For many Asian Americans, being the butt of a racist joke is an all-too-familiar experience. A new study on the ways AAPI people are represented in major movies finds this is also true on screen, revealing that more often than not, audiences are expected to laugh at an AAPI character rather than laugh with one.
Across the board, AAPI characters usually only get to be the object in major movies rather than the subject, according to a study released Tuesday by the Geena Davis Institute on Gender in Media, which partnered with Gold House and the Coalition of Asian Pacifics in Entertainment. Their report, “I Am Not a Fetish or Model Minority: Redefining What it Means to Be API in the Entertainment Industry,” lays out the ways that popular movies perpetuate tropes that objectify and flatten AAPI people. The rise in anti-Asian attacks and harassment over the past year and a half has underscored the importance of interrogating how pop culture perpetuates harmful perceptions of Asian Americans, which can lead to real-life racism and violence.
The researchers analyzed the AAPI characters in each of the 10 highest-grossing films from 2010 to 2019. Because the sample size was so small (for instance, there were zero AAPI characters in the highest-grossing films from 2010 to 2013), they did an additional analysis using all films with any AAPI people in the main cast that were released by major studios and streaming platforms between 2017 and 2020.
While there was no single trope that dominated, many of the films portrayed AAPI characters as one or more of the most common Asian stereotypes, including the “model minority,” the “forever foreigner” and the “nerd,” and portrayed East Asian women as “exotic” or “dragon ladies.” The study also found that many of the AAPI characters were only depicted in stereotypical jobs, like “working in tech” or being a “shop owner.” When an AAPI character was meant to be funny, they were almost twice as likely to be the character audiences were supposed to laugh at (43.4%) rather than laugh with (23.5%).
The researchers also looked at what traits AAPI characters displayed when they appeared in these films. For example, with characters that perpetuated the “model minority” stereotype, about 60% were written as “smart,” and 47% were written as “hard-working.” But fewer than a third of these characters “displayed leadership traits” or “were seen as cool.” Instead, when they were on screen, the characters with these traits were portrayed as meek, docile and one-dimensional, reinforcing the model minority trope.
Time and again, studies like these have illustrated the ways that AAPI representation on screen and off screen are intertwined. To better understand this, one component of the study involved a survey of more than 300 AAPI people working in Hollywood, conducted in June by CAPE.
In that survey, only 43.5% of the respondents said they felt their “voice is valued.” Nearly 90% said they have been the only AAPI person in the room, more than 75% said they have felt tokenized, and 81% said they have experienced microaggressions at work, like someone confusing them for another Asian person or assuming they don’t speak English.

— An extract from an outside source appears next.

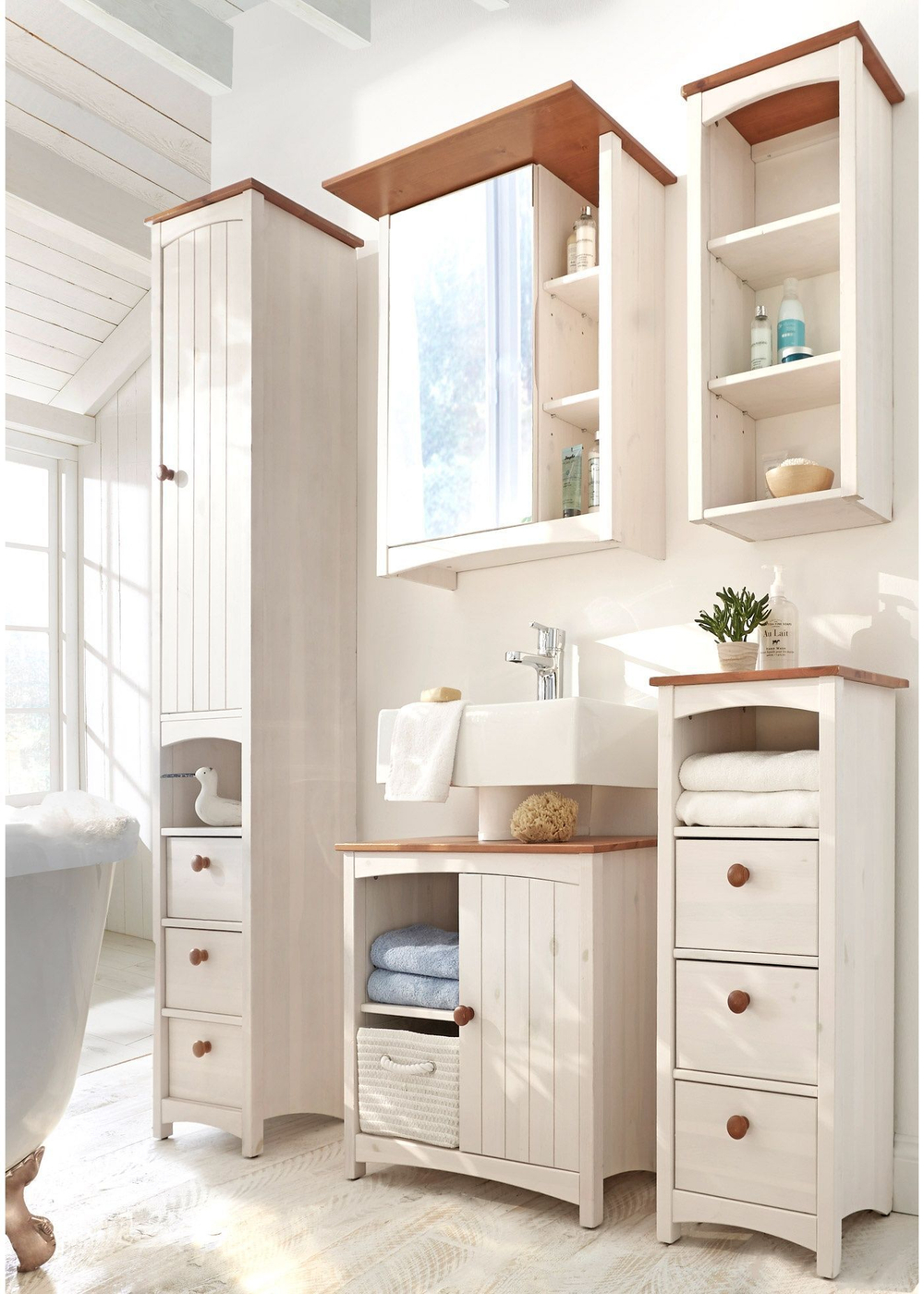 Шкаф навесной для ванной Паула из массива сосны, белый/черри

The vast majority of respondents said they feel AAPI representation in Hollywood is moving in the right direction, but nowhere near fast enough. The survey found that many AAPI creators see a gap between their own definition of “representation” and the definition held by the industry at large.
Nearly all of the survey respondents agreed that representation means “portraying a group of people in an authentic way on screen.” However, only 42.9% of them said they think Hollywood as a whole considers that the definition. Instead, many of them said they believe industry leaders define representation as “serving as a proxy for a certain group.”
Elsewhere, respondents elaborated on the ways they think the entertainment industry has a much lower bar for representation, writing that they’ve often worked with industry leaders who treat the issue as simply a “check box you have to tick” — when in reality, “just being on screen is not enough.”
The overwhelming theme of both the report’s recommendations and the survey responses from AAPI people in Hollywood is the idea of “more”: more kinds of AAPI stories and characters, more people telling them, more investment in them and more AAPI people working in Hollywood at all levels, from crew members to casting directors to studio executives.
The researchers also emphasized that no single story can stand in for an entire community or group, urging Hollywood to pay attention to what kinds of Asian stories are overrepresented, and to aim to portray a wider range of lived experiences of AAPI people.
One of the study’s recommendations is for “more balance” in storytelling. In addition to avoiding stereotypes and tropes that flatten AAPI characters, it’s also about depicting AAPI people as multidimensional and complicated. For example, one of the respondents in the survey wrote: “I would like to see us as empowered and edgy.”
Other respondents said they want to see greater representation of mixed-race and multi-ethnic characters and families, as well as more AAPI inclusion in classic genres like coming-of-age or romance stories. Many said they hoped to see fewer stories where a character’s AAPI identity, or their immigrant experience, is the sole plot point or catalyst for the character’s story arc — reflecting a desire for Asian Americans to be seen as our whole selves.